On the Seen: The National Museum of African Art: Grass Roots: African Origins of an American Art”

Grass Roots: African Origins of an American Art”, traces the history of the coiled basket on two continents and shows how a simple farm tool once used for processing rice has become a work of art and an important symbol of African American The exhibit presents a deep and telling story that demonstrates the enduring contribution of African people and culture to American life in the southeastern United States. “Grass Roots” traces the parallel histories of coiled basketry in Africa and the United States, starting from the domestication of rice in West Africa, through the transatlantic slave trade, to the migration of African rice culture to America. The exhibit is organized by the Museum for African Art in New York, in cooperation with Avery Research Center for African American History and Culture at the College of Charleston, McKissick Museum at the University of South Carolina and the Sweetgrass Cultural Arts Festival Association, and features about 200 objects, including baskets made in Africa and the American South, African sculptures, paintings from the Charleston Renaissance, historic photography and videos. Grassroots reviews the history of the Carolina rice plantations and highlights technological innovations brought to American agriculture by people from Africa, tells the compelling story of the survival of African-American basketry over 300 years that clearly flows from very deep roots.

The first root that emerges from a seedling is called the taproot. It appears belowground before the seedling emerges above ground, is directly connected to the tree trunk it supports, and is the anchor of the plant. It is the largest, strongest root of the plant; in some cases, the taproot is as deep as the tree is tall; all of the other roots are its tributaries. This is why it is so difficult to get rid of troubling weeds like pokeberry, invasive vines, and shoots coming up from a tree that has been cut down—that tap root is still alive, and given time, it will emerge from the depths again.

Grassroots reveals the depth of the “taproot” from which Africans throughout the Diaspora drew upon in the New World, and brings the scholarship of Judith Carney’s landmark work, Black Rice (2001) to life, her research describes the African taproot that was the decisive factor in the rice cultivation that fueled the economic base of the tidewater south—Georgia, South an North Carolina in particular.

The notion that the culture of Africans was destroyed during the horror and trauma of the Middle Passage is one of the most enduring themes in American history and culture. On the one hand, apologists for slavery promulgated that belief that the minds and hearts of enslaved Africans were essentially a tabla rosa--a blank slate upon which the values and “civilizing” culture of the owners could be written upon it. On the other, planters were adamant in specifying particular ethnic groups from Africa for purchase. In sum, the Africans had no “culture” but the most sought after and valued Africans were the ones from rice producing regions. Along with the knowledge of rice horticulture and cultivation came the recreation of the material objects used in planting, raising, and harvesting the rice. Material objects used in agriculture and food production, the distribution labor, the rhythms, cycles, worldviews involved, and the way of life that revolves around the earth and the crop are the essential elements of “culture”.

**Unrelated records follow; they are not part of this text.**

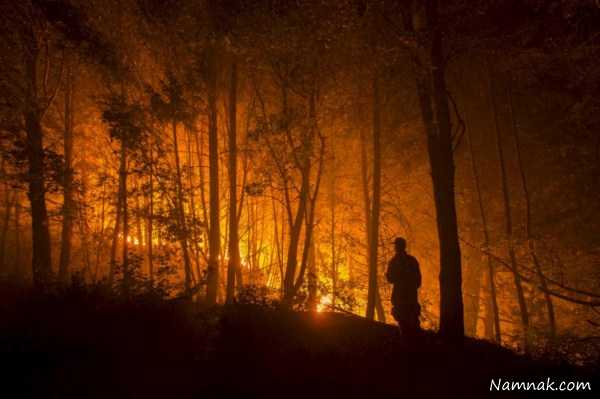 آتش سوزی جنگلها ، تصاویر ، تصویر روز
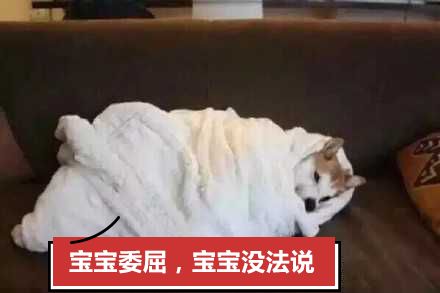 古代的人做了哪些愚蠢的事,古人的弱智操作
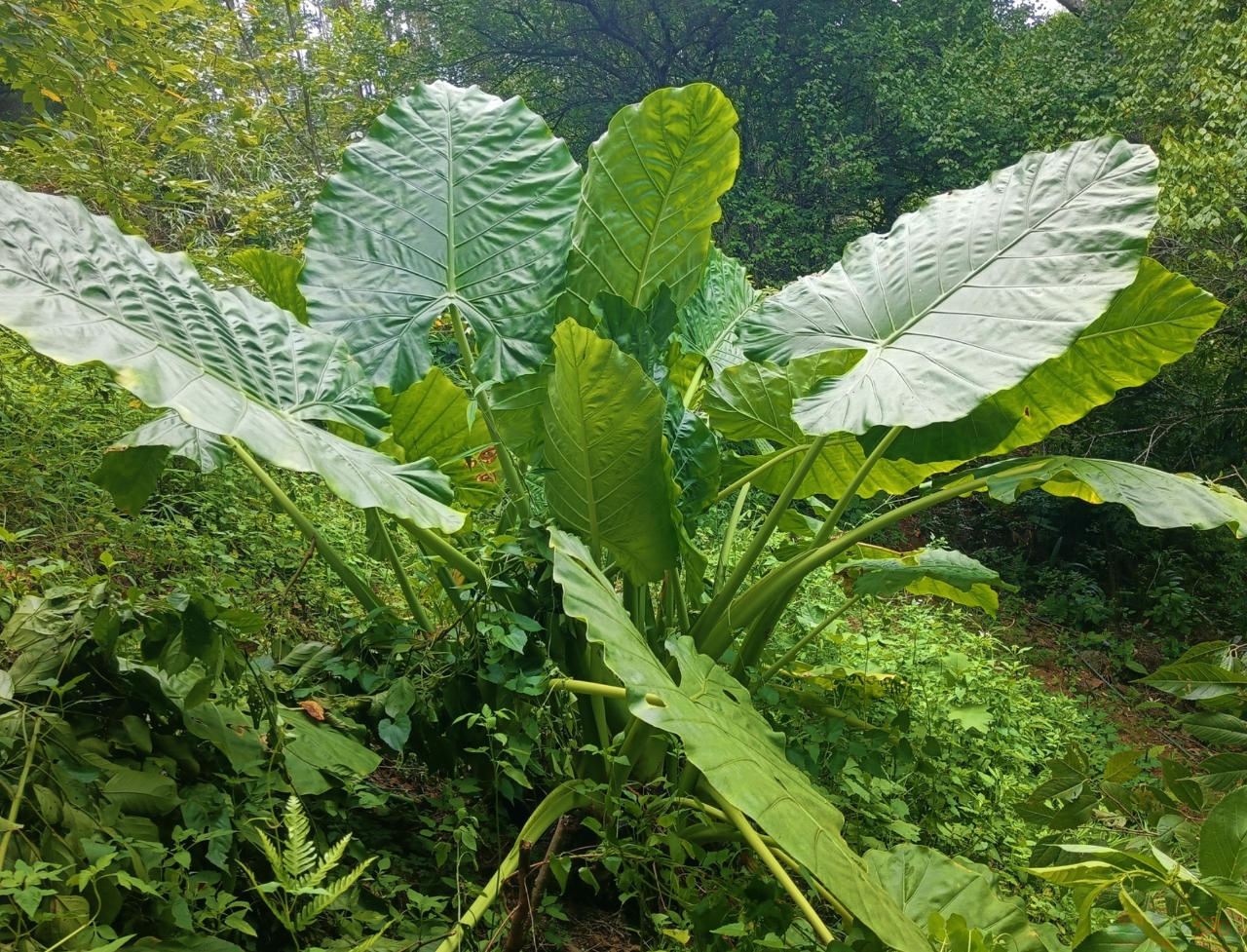 “路边杂草火成中产网红单品”，广东人看完立刻扛锄头去挖998 / 作者:儿时的回忆 / 帖子ID:315204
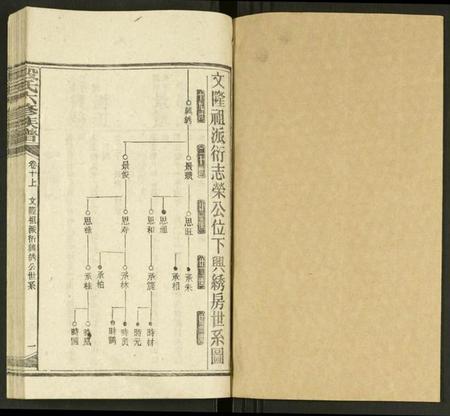 湖南段氏族谱-段氏六修族谱 [13卷及卷首4卷].pdf电子版插图1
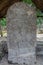 Stela at the ruins of the Mayan city Coba, Mexi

It is critical that the African roots of agriculture and basketry be acknowledged, this aspect of culture was just one tributary off the tap- root. Africans also brought the remembrance of freedom, fighting and the place of the religion and spirituality in all spheres of life. It is possible to leave the exhibition with the impression that this is the only aspect of culture that survived the Atlantic. The landmark exhibition: the African Presence in Mexico spotlights Yanga, the African prince who lead a rebellion and established the all Black town of-----on the Atlantic Coast of Mexico. He was not the only warrior who arrived in the Americas.

Just as it is not true that Africans were so devastated that no recollection of the former life survived, it is also true that, while apologists might wish that “Sambo” and “Mammy” represented the African adaptation to slavery, the same individuals who were planting rice and weaving baskets were also in active resistance to enslavement and plotting rebellion.

In South Carolina, for example, incidents in 1730, 1738 and 1739 and 1740 were “especially troublesome for slaveholders, where “outbreaks” of rebellion and revolt occurred on an almost annual basis. These, and other, occurrences of outright battle and resistance contained forms that indicated strong African cultural origins, including dance, expertise in making poisons, herbal remedies, and African priests and conjurers who provided protection, prayers, and power that fueled and sustained resistance. All of these elements were of warfare in Africa—just as they remembered how to make baskets, they also remembered how to fight. In sum, not only was Africa a source of musical, agriculture and material culture, it was also fundamental in inspiring resistance and empowering a people perceived to be powerless, and formulating a new collective identity among transplanted Africans as African-Americans.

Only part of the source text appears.